The data:
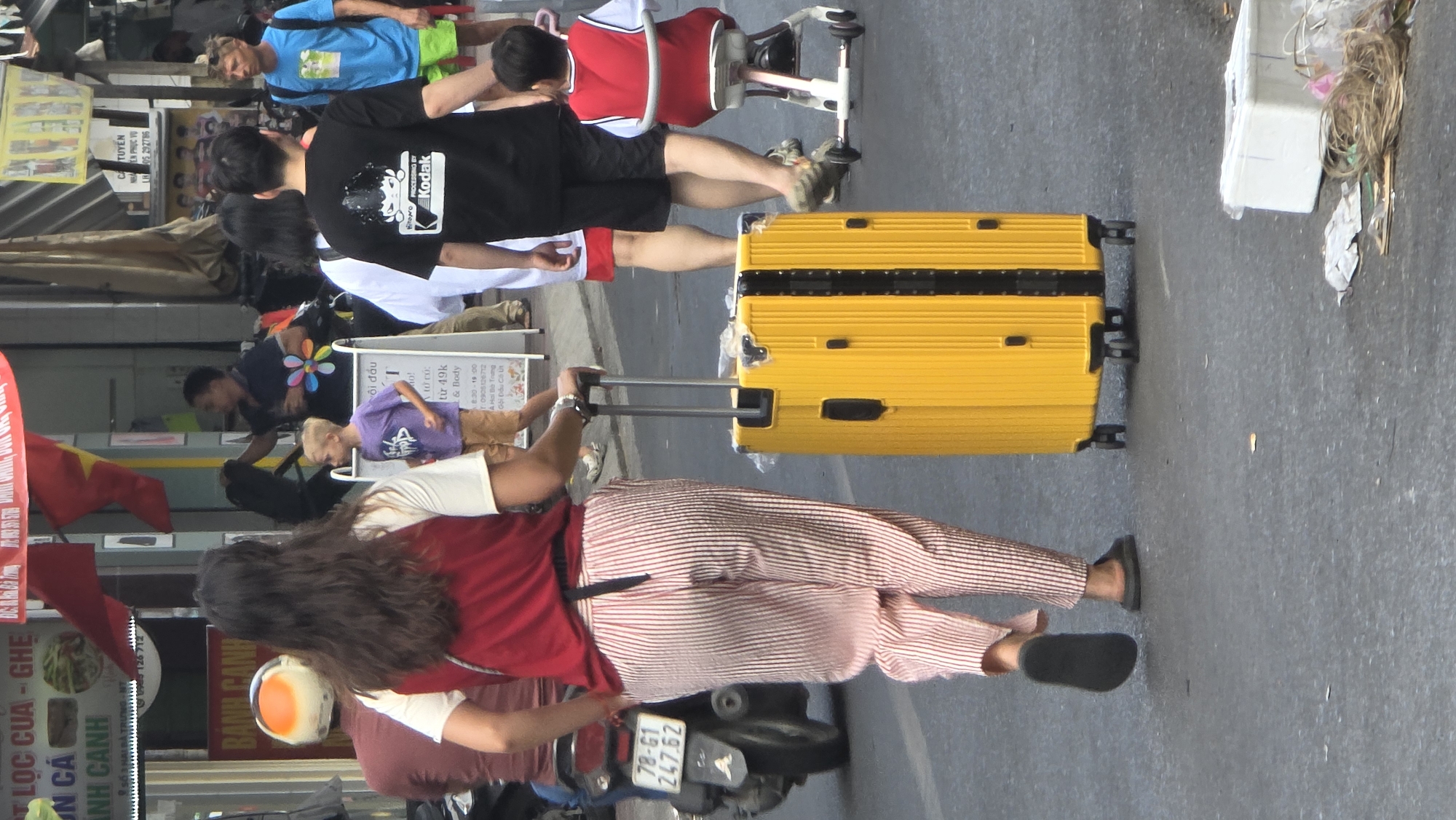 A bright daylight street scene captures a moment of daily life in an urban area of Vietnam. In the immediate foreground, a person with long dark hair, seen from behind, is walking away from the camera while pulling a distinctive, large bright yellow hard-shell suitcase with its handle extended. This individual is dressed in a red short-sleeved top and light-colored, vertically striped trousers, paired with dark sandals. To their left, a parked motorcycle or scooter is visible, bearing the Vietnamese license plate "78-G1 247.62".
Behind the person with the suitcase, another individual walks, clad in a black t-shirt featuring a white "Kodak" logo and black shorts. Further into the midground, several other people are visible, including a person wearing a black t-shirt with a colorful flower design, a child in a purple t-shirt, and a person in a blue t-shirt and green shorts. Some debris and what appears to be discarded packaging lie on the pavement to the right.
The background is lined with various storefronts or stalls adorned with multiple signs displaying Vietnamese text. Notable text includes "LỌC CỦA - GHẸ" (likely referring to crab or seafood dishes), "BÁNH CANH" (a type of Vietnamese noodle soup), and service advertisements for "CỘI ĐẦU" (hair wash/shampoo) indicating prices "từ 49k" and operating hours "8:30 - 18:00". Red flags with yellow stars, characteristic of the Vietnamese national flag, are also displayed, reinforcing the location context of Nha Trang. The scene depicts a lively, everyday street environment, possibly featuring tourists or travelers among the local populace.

Exercise brief: Omit the pictures, then print the rest of the listing above exactly.

Output:
 A bright daylight street scene captures a moment of daily life in an urban area of Vietnam. In the immediate foreground, a person with long dark hair, seen from behind, is walking away from the camera while pulling a distinctive, large bright yellow hard-shell suitcase with its handle extended. This individual is dressed in a red short-sleeved top and light-colored, vertically striped trousers, paired with dark sandals. To their left, a parked motorcycle or scooter is visible, bearing the Vietnamese license plate "78-G1 247.62".
Behind the person with the suitcase, another individual walks, clad in a black t-shirt featuring a white "Kodak" logo and black shorts. Further into the midground, several other people are visible, including a person wearing a black t-shirt with a colorful flower design, a child in a purple t-shirt, and a person in a blue t-shirt and green shorts. Some debris and what appears to be discarded packaging lie on the pavement to the right.
The background is lined with various storefronts or stalls adorned with multiple signs displaying Vietnamese text. Notable text includes "LỌC CỦA - GHẸ" (likely referring to crab or seafood dishes), "BÁNH CANH" (a type of Vietnamese noodle soup), and service advertisements for "CỘI ĐẦU" (hair wash/shampoo) indicating prices "từ 49k" and operating hours "8:30 - 18:00". Red flags with yellow stars, characteristic of the Vietnamese national flag, are also displayed, reinforcing the location context of Nha Trang. The scene depicts a lively, everyday street environment, possibly featuring tourists or travelers among the local populace.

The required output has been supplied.